Description of the payload
A project to develope a balloon system capable of providing scientific measurements for 100-day missions with floating altitude close to 35km transporting payloads of near 1.5 tons.
It is a super-pressure balloon made of a composite fabric (polyester + polyethylene film and fabric) that is filled with Helium and hermetically sealed. Meridional tendons provide additional rigidity to the envelope. The pressure inside the envelop is maintained above the ambient pressure at all times to keep the balloon afloat at a constant altitude. During daytime the internal pressure increases due to solar heating but the volume remains constant due to the rigidity of the envelope. At night the pressure drops due to infrared radiative cooling to space, but as long as the internal pressure remains above the ambient pressure, the balloon stays at the same altitude.
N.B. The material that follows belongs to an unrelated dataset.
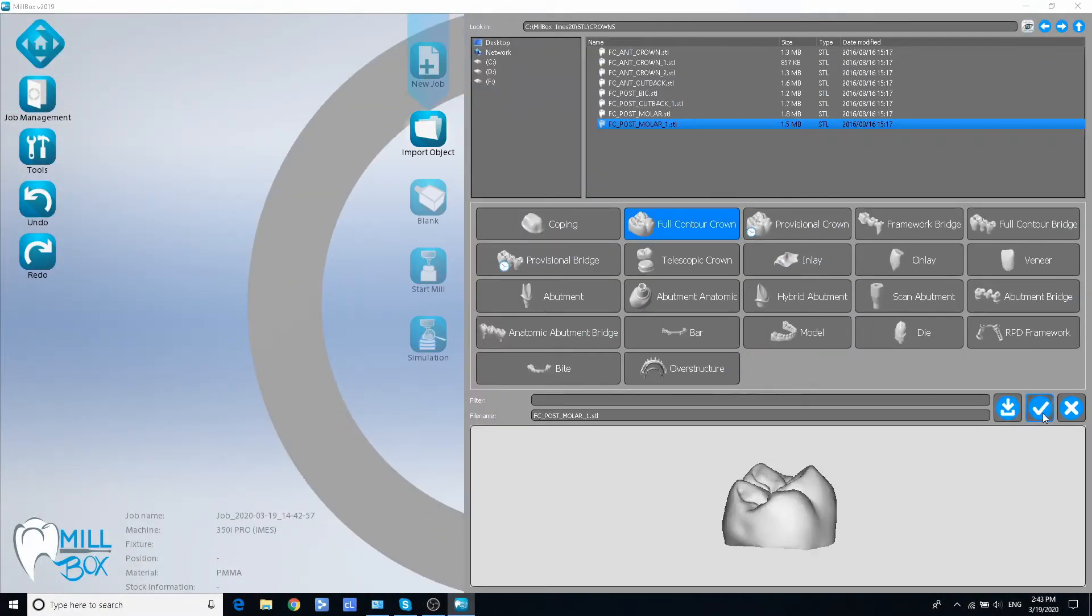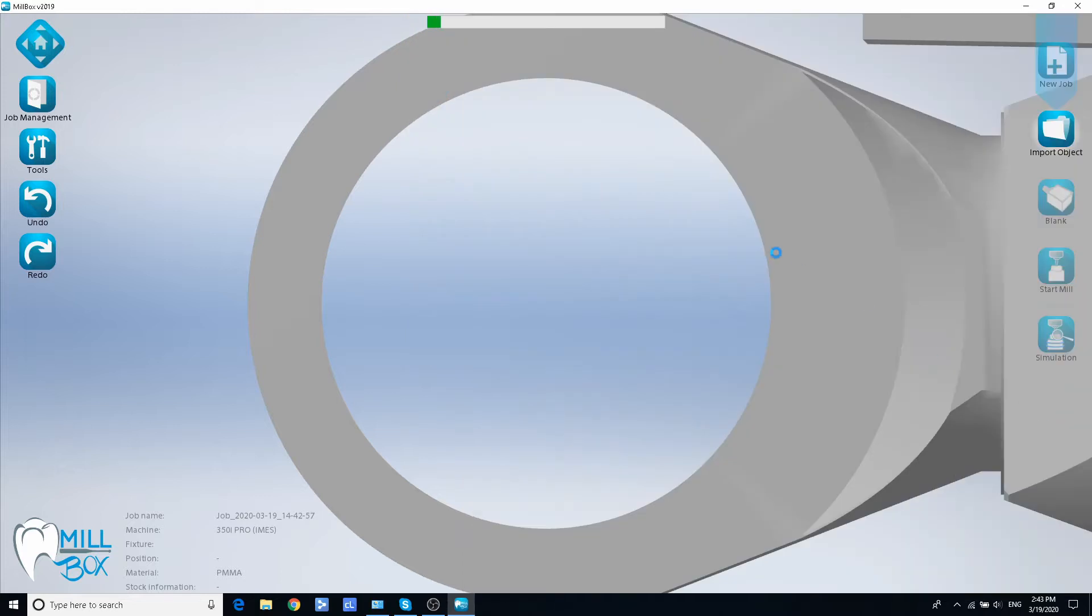Hello everyone! In this video we are going to show you how to add a new blank size in Millbox.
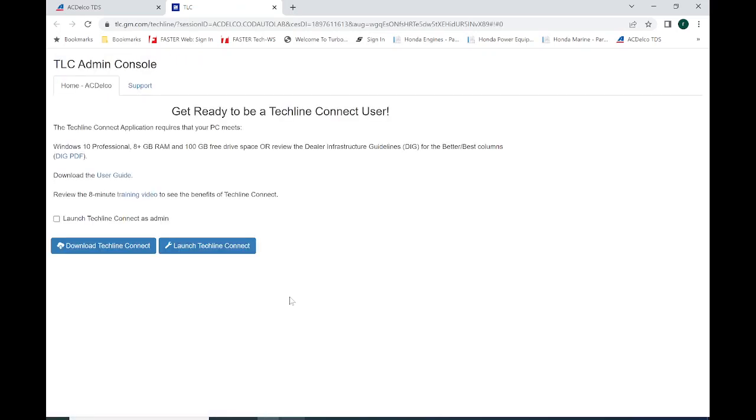TechLine Connect is GM's software package for parts, for diagnostics, reprogramming, basically anything and everything, whether it's light-duty, medium-duty, electric vehicles, everything is in the TechLine Connect.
On the future, transported by stratospheric winds around the globe at 30m/s the ULDB would be make a full circunnavegation to Earth in about 2 weeks.
Details of the balloon flight and scientific outcome
Launch site: Williams Field, McMurdo Station, Antarctica
Balloon launched by: Columbia Scientific Balloon Facility (CSBF)
Balloon manufacturer/size/composition: Ultra Long Duration Balloon Raven Aerostar - 14.915.000 cuft
Balloon serial number: Aerostar 14.39-1.5U1-01
Flight identification number: 616NT
Overall weight: 1818 kgs
After near ten launch attempts due to uncooperative weather, the balloon was launched by dynamic method at 22:46 UTC, on January 9, 2011. After reaCHING FLOAT ALTITUDE OF 110.000 ft, it started a counter-clockwise turn to the pole.
After 23 days aloft, the mission was terminated at 00:52 utc on Febraury 1st. The landing occured at 1:38 utc in a point located 483 nautic miles NNW of McMurdo Station. Once in the ground the parachute was separated of the gondola by remote command sent via satellite by the Columbia Scientific Balloon Facility (CSBF) control center in Palestine, Texas to prevent the wind would drag the gondola over the antarctic plateau. Although a longer flight for the balloon was expected, the decision to bring it down was not related to any kind of failure but to an easy recovery of the payload remains. The only notably issue during the flight was a slightly loss of altitude in the last days of the trip by unknown reasons. A few days later a CSBF recovery party was sent to the impact site in a Basler aircraft to recover the CSBF gondola, electronics, and flight train components and to obtain several samples of the SPB balloon envelope for further analysis.